(2)布津断層トレンチ

トレンチ掘削に際し、断層の走向と地形及び人工改変の関係から、東面のみが断層を覆う被覆層が観察可能であったため、東面のみスケッチを実施した。トレンチの法面スケッチを図4−6−19に、法面写真を図4−6−20に示す。

トレンチ法面では低位扇状地T面構成層の土石流堆積物と崖錐堆積物が走向N32W傾斜78NEの断層で接している。トレンチでは断層は1条しか観察されない。断層落ち側に扇状地構成層が確認できないことから、上述した断層露頭の2条の断層のうちの北側の断層の延長と考えられる。
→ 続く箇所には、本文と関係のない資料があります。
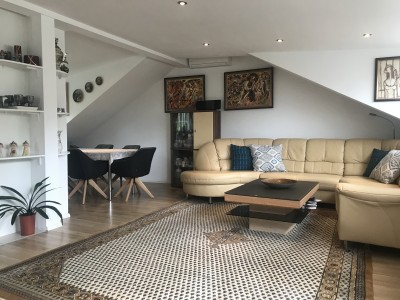 Stilvolle 3,5-Zi.-Dachgeschosswohnung mit gehobener Innenausstattung und Einbauküche in Stuttgart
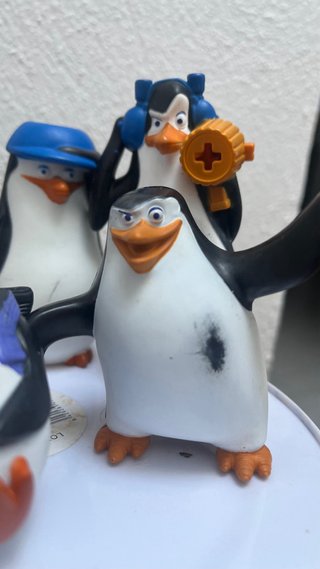 Set de 5 Figuras Pingüinos de Madagascar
断層の上がり側には扇状地構成層の土石流堆積物の上位に礫混じりロームが堆積し、それを暗褐色のシルト質表土が覆っている。一方、断層の落ち側には扇状地構成層は認められず礫混じりローム層が分布し、断層上がり側と同じくシルト質表土が覆う。地表には法面掘削に伴う人工的な埋土が覆っている。

礫混じりローム層の上面は断層によって北落ちに約70cm変位しており、不明瞭な割れ目がシルト質表土中に延長する。

シルト質表土の下部の14C年代測定結果は、断層から延長する不明瞭な割れ目の両側で540−310 ybp(FTT−15)と540−470 ybp (FTT−17)(いずれも暦年)を示した。この結果から、布津断層は500年前以降に活動したと考えられる。

火山灰分析の結果からは、断層落ち側の崖錐堆積物のローム層中にはK−Ah火山ガラスの混入が確認されたことから、この断層は上記500年前以降の活動以前にもK−Ah火山灰降下後に活動していたことを示す。一方、断層上がり側ではローム層中にK−Ah火山灰が確認されなかったことから、断層上がり側のローム層は上部が欠如していると考えられる。